WORK INSTRUCTIONS:
Starting at the line that contains "sage colored heart sticker", print each line exactly through the end of the listing. Skip any pictures and add nothing.

RECORDS TO PROCESS:
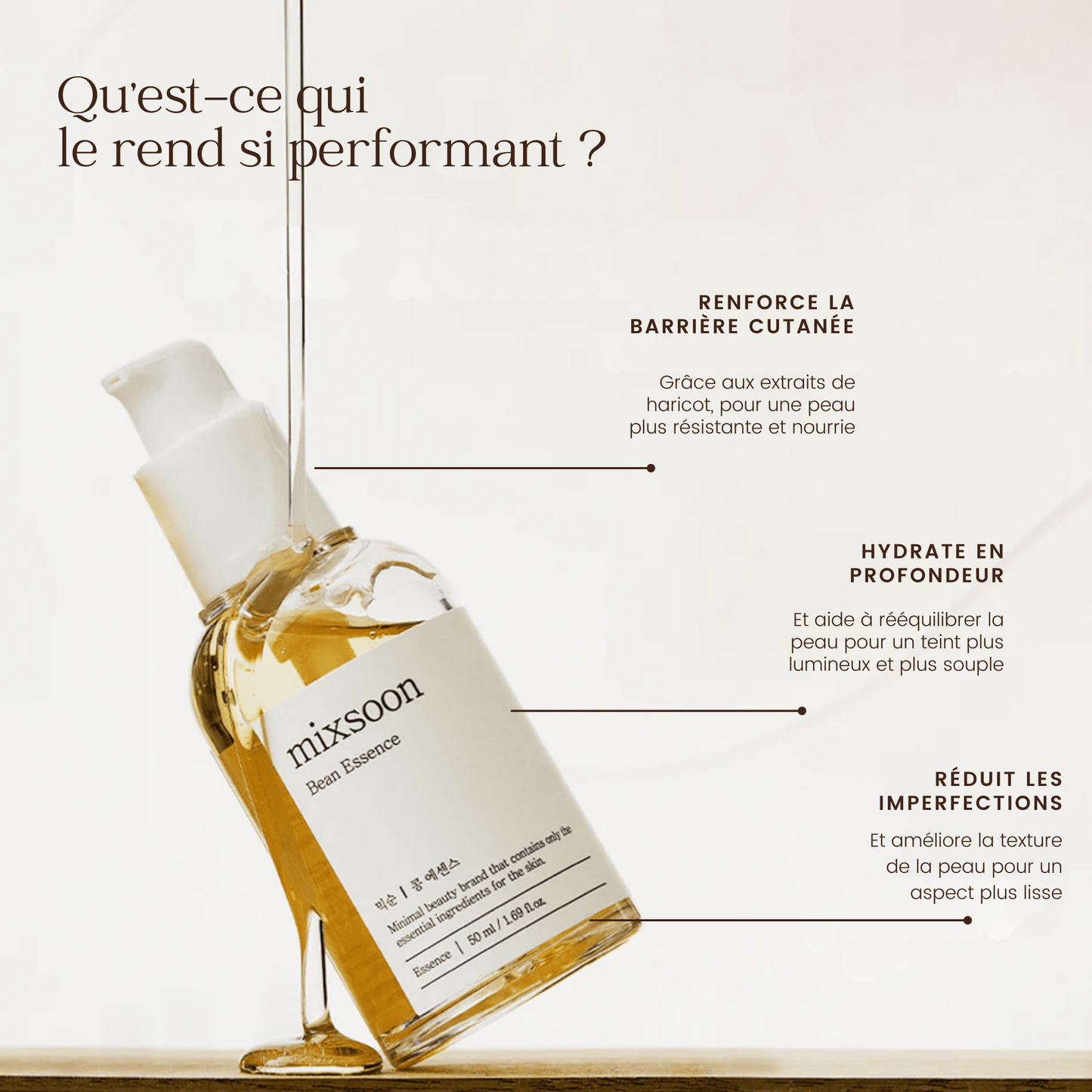 Essence aux haricots de la marque Mixsoon
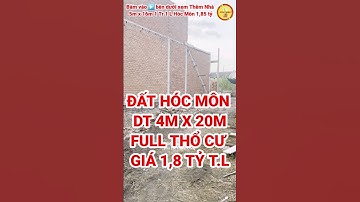 Tập 7 - Đất full thổ cư đẹp giá rẻ Huyện Hóc Môn - Bđs Quang Minh #shorts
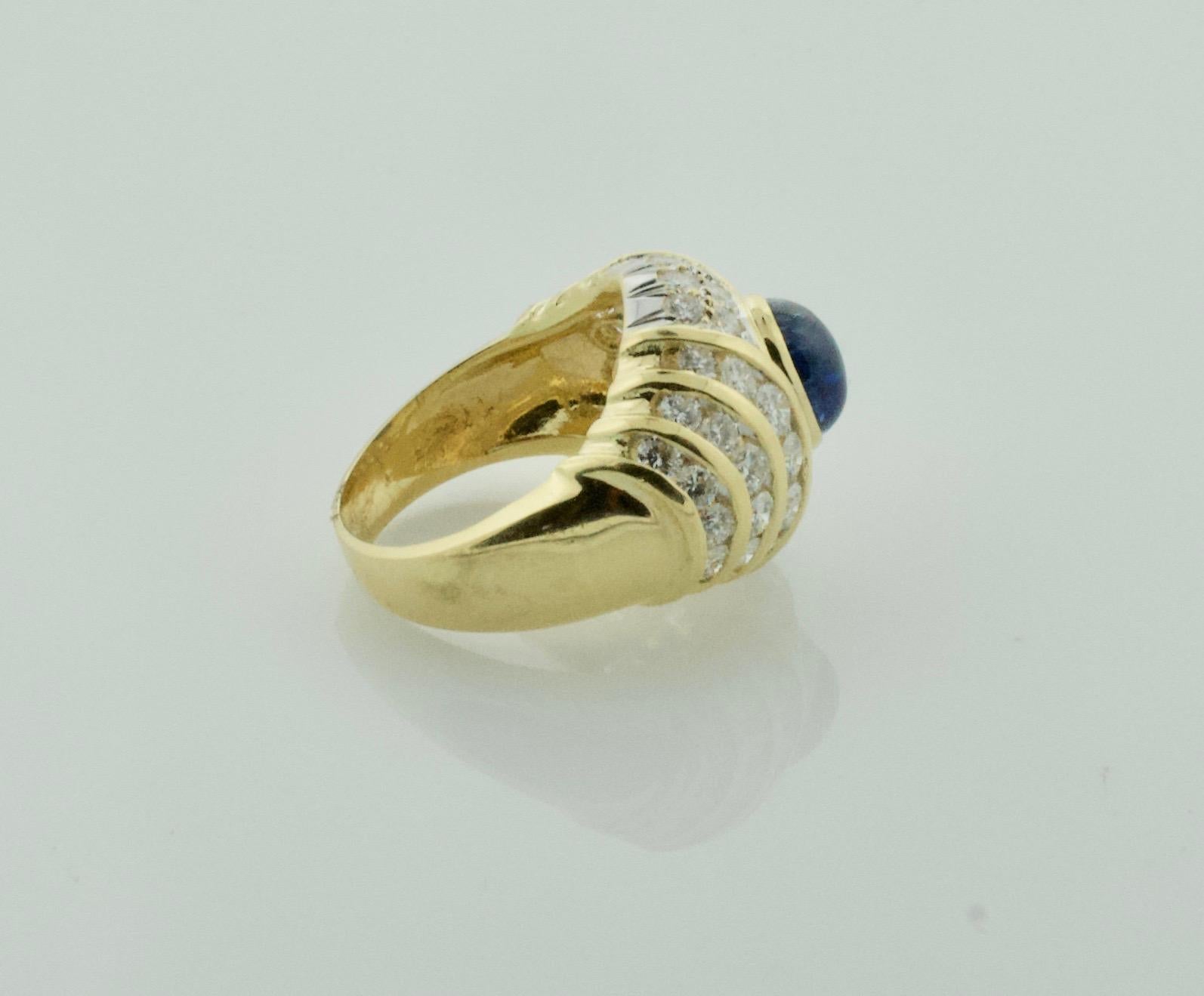 1970s sapphire and diamond ring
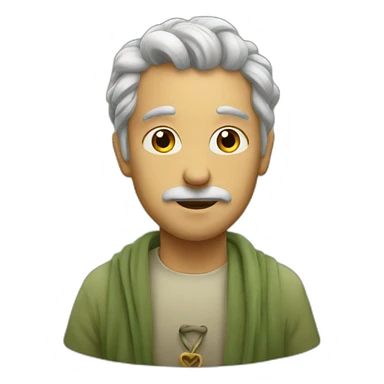 sage colored heart sticker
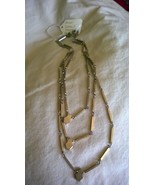 Monet Silver Tone 3 Strand Necklace N-502 - $114.21 MXN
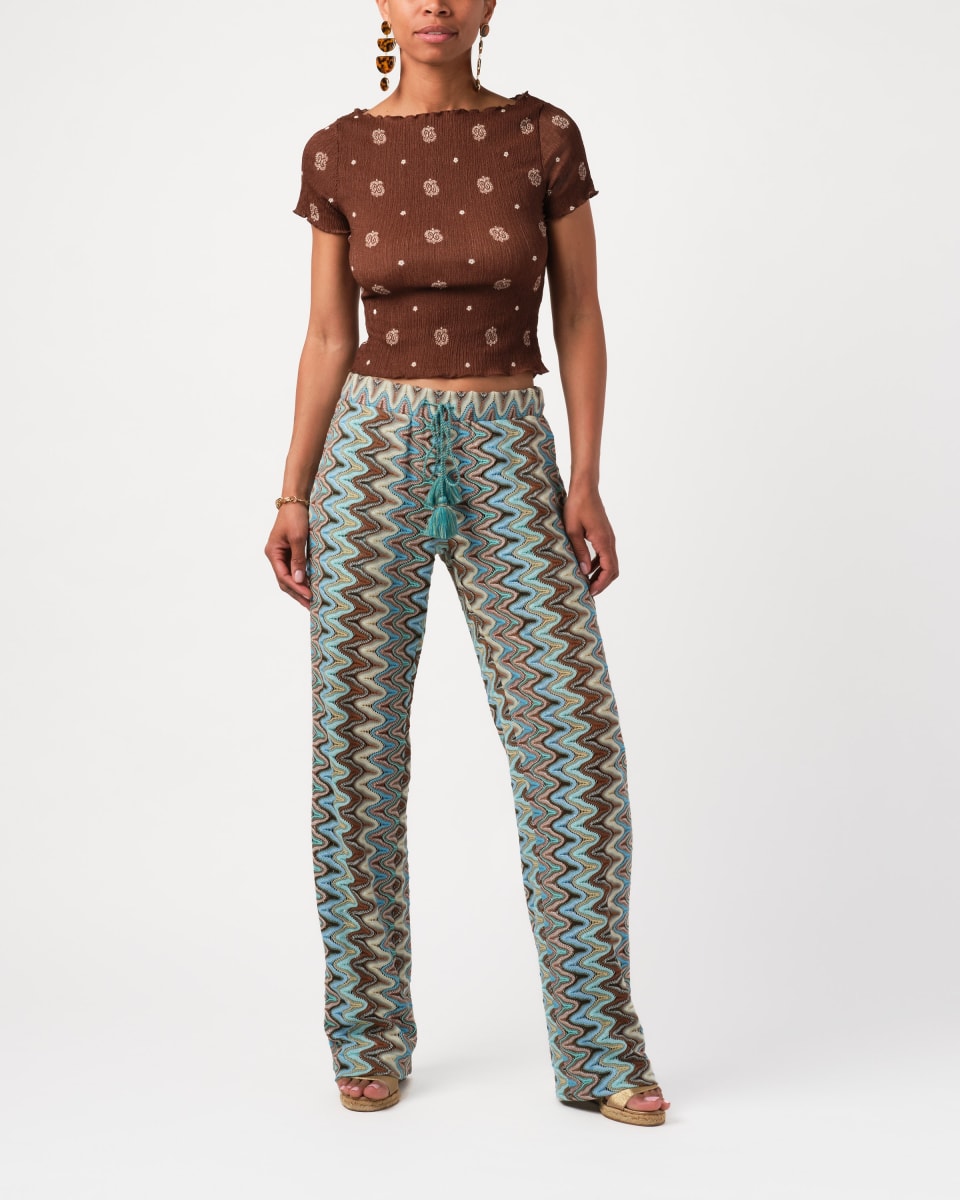 Blaire Pant - Blue Multi (Zig Zag)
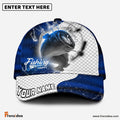 Frenzidea Personalized Catfish Fishing Dark Blue Skin Sport Classic Cap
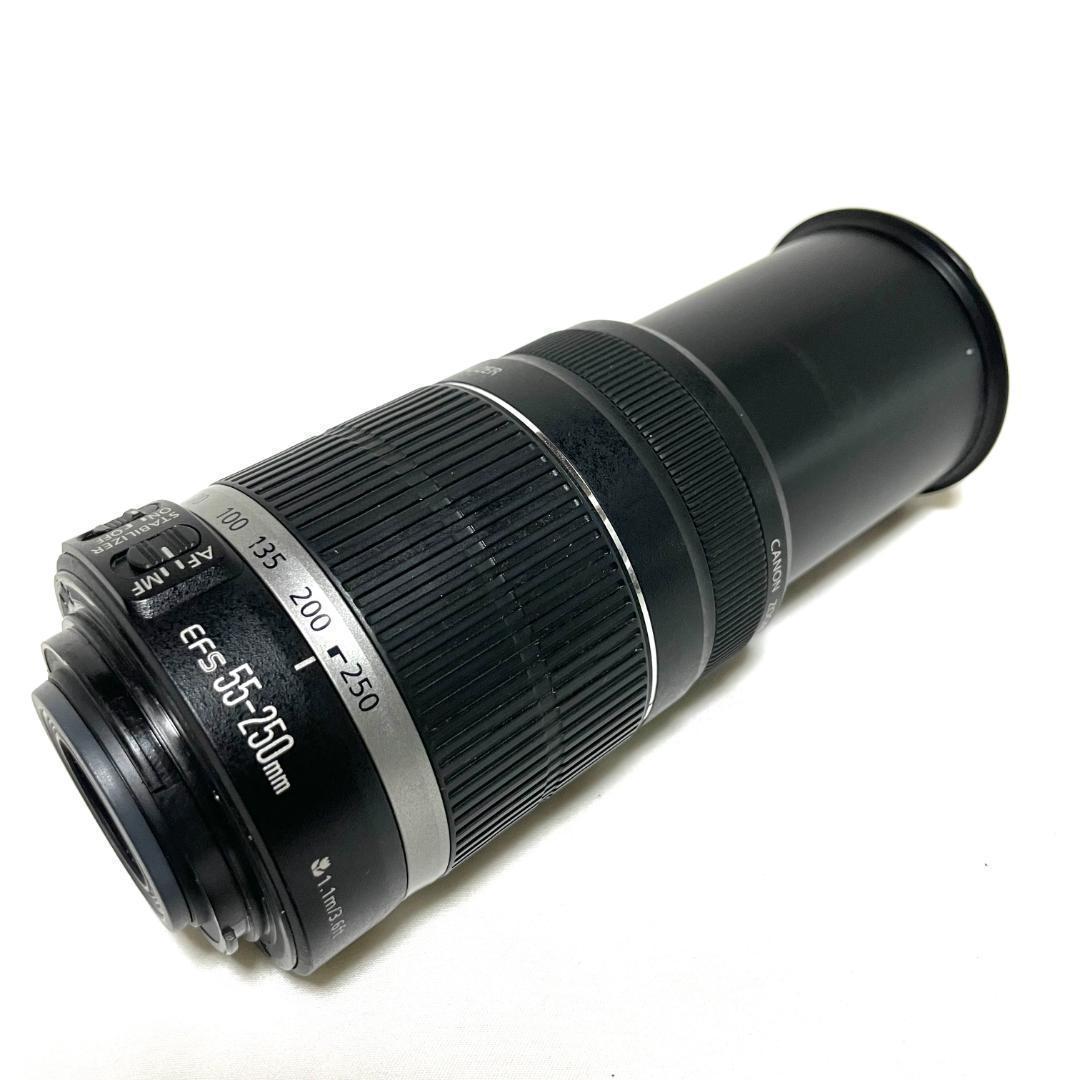 遠くを大きく写せる❣️ Canon EF-S 55-250mm 望遠ズームレンズ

FINISHED TASK:
 sage colored heart sticker
 Monet Silver Tone 3 Strand Necklace N-502 - $114.21 MXN
 Blaire Pant - Blue Multi (Zig Zag)
 Frenzidea Personalized Catfish Fishing Dark Blue Skin Sport Classic Cap
 遠くを大きく写せる❣️ Canon EF-S 55-250mm 望遠ズームレンズ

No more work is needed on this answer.